Donald Trump and Bernie Sanders hope to emerge from New Hampshire's primary Tuesday with their first wins of the 2016 presidential campaign, victories that would lend needed credibility to the unexpected contenders' pursuit of their parties' nomination.
Trump leads a Republican field that has been in flux in the final days of campaigning across snowy New Hampshire. A rocky debate performance by Florida Sen. Marco Rubio has jeopardized his chance to pull away from a trio of governors and firmly establish himself as the chief rival to Trump and Texas Sen. Ted Cruz.
In the two-person race for the Democratic nomination, Sanders has held an advantage over Hillary Clinton in New Hampshire for weeks. The state is friendly territory for the Vermont senator and a must-win if he's to have a chance of staying competitive with Clinton as the race moves to more diverse states that are seen as more hospitable to the former secretary of state.
"We're running a very radical campaign because we are telling the American people the truth and that's something that is not often told in the political world," Sanders said Monday as he urged supporters to help him pull out a win. The senator finished second to Clinton in the leadoff Iowa caucuses by the narrowest of margins.
The New Hampshire primary traditionally plays a pivotal role by providing momentum to the winners heading into the next contests in South Carolina and Nevada. Those candidates who fare poorly could see donations dry up and face pressure to withdraw from the race. In the last 10 elections, the winner of the Republican primary went on to become the eventual nominee eight times; on the Democratic side, seven winners went on to become nominees.
The first ballots of the first primary election of -in-the-nation primary were cast early Tuesday in the tiny town of Dixville in northern New Hampshire. Sanders won over all four Democratic voters in the town, while Ohio Gov. John Kasich sneaked past Trump, 3-2, among Republicans.

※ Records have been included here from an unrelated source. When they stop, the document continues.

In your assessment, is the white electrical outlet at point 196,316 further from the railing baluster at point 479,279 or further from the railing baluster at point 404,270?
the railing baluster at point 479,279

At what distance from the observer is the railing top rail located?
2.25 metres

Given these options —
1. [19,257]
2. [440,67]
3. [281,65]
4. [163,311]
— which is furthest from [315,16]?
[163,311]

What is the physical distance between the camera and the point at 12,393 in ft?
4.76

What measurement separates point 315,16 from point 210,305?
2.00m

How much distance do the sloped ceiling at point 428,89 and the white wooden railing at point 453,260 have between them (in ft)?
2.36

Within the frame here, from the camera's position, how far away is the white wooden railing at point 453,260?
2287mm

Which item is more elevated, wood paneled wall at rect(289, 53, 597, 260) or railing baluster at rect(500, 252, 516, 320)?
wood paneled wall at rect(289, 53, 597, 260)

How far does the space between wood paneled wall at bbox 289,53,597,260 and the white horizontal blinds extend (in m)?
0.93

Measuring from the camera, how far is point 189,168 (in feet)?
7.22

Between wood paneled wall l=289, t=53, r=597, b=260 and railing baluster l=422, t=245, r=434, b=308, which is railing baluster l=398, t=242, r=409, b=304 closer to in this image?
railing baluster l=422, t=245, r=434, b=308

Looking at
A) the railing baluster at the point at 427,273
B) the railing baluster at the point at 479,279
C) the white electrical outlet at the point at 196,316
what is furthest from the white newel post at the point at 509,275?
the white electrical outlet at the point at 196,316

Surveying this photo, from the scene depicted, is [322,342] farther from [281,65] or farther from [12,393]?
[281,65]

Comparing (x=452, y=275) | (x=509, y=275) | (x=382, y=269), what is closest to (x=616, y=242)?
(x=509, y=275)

The enthusiasm behind Trump, a real estate mogul who has never held political office or run in an election, and Sanders, an avowed democratic socialist, underscore the public's anger with the current political system. Even if neither candidate ultimately becomes their party's nominee, those who do will have to reckon with the voter frustration they've tapped into.
After finishing behind Cruz in last week's leadoff Iowa caucuses, Trump has spent the past week both protesting that result and stepping up more traditional campaign activities. While he's long preferred large rallies, he spent the final full day of campaigning holding some smaller town hall events.
Trump did get in a shot at Cruz during a massive rally in Manchester Monday night. When an audience member shouted out an insult directed at Cruz — a vulgar term for "coward" — Trump repeated the term and jokingly reprimanded the woman.
The large Republican field was winnowed after Iowa, but there remains a crowded grouping of more traditional candidates, including Rubio. Former Florida Gov. Jeb Bush, Ohio Gov. John Kasich and New Jersey Gov. Chris Christie have all staked their White House bids on New Hampshire, hoping a strong showing here will lead voters — and crucial financial donors — to give their candidacies another look.
Rubio appeared to be breaking away from the governors after a stronger-than-expected third-place showing in Iowa, but stumbled in Saturday's debate under intense pressure from Christie. The New Jersey governor has relentlessly cast the young senator as too inexperienced and too reliant on memorized talking points to become president.
Rubio played into Christie's hands by responding with the same well-rehearsed line each time he was challenged by the governor. Rival campaigns hope the moment was enough to give voters pause about supporting Rubio when they head to the polls on Tuesday.
In his final swing through the state Monday, Christie urged voters to pick a candidate who "has the maturity, and the steadiness, and the aggression to protect our country and put us back in the right spot."
Kasich, who has prided himself on avoiding attacks on his rivals, said he hoped New Hampshire voters are "fed up with the negative."
If Rubio and the governors finish in a pack Tuesday, it's likely to frustrate Republican Party elites who are eager to coalesce around a single more mainstream candidate to challenge Trump and Cruz. Some party leaders believe both Trump and Cruz are unelectable in the general election, especially if Clinton is the Democratic nominee.
Despite the expectations of a loss in New Hampshire, Clinton has campaigned aggressively in the state to try to narrow the gap with Sanders, enabling her to put a positive spin on the outcome. Amid her rallies and town hall events, she's knocked on voters' doors and made surprise visits to local coffee shops and restaurants.
"I am thrilled to be here the day before the first in the nation primary to make my final push to convince as many Granite staters as possible to come out and vote for me," Clinton said during a stop in Manchester on Monday.
Behind Clinton's upbeat demeanor, however, are growing concerns within her campaign about her standing with young people, who are flocking to Sanders. Some Clinton supporters also fear she isn't doing as well with female voters as she should be, a concern that was magnified after high-profile women backing her campaign made eyebrow-raising comments that appeared to disparage young women supporting Sanders.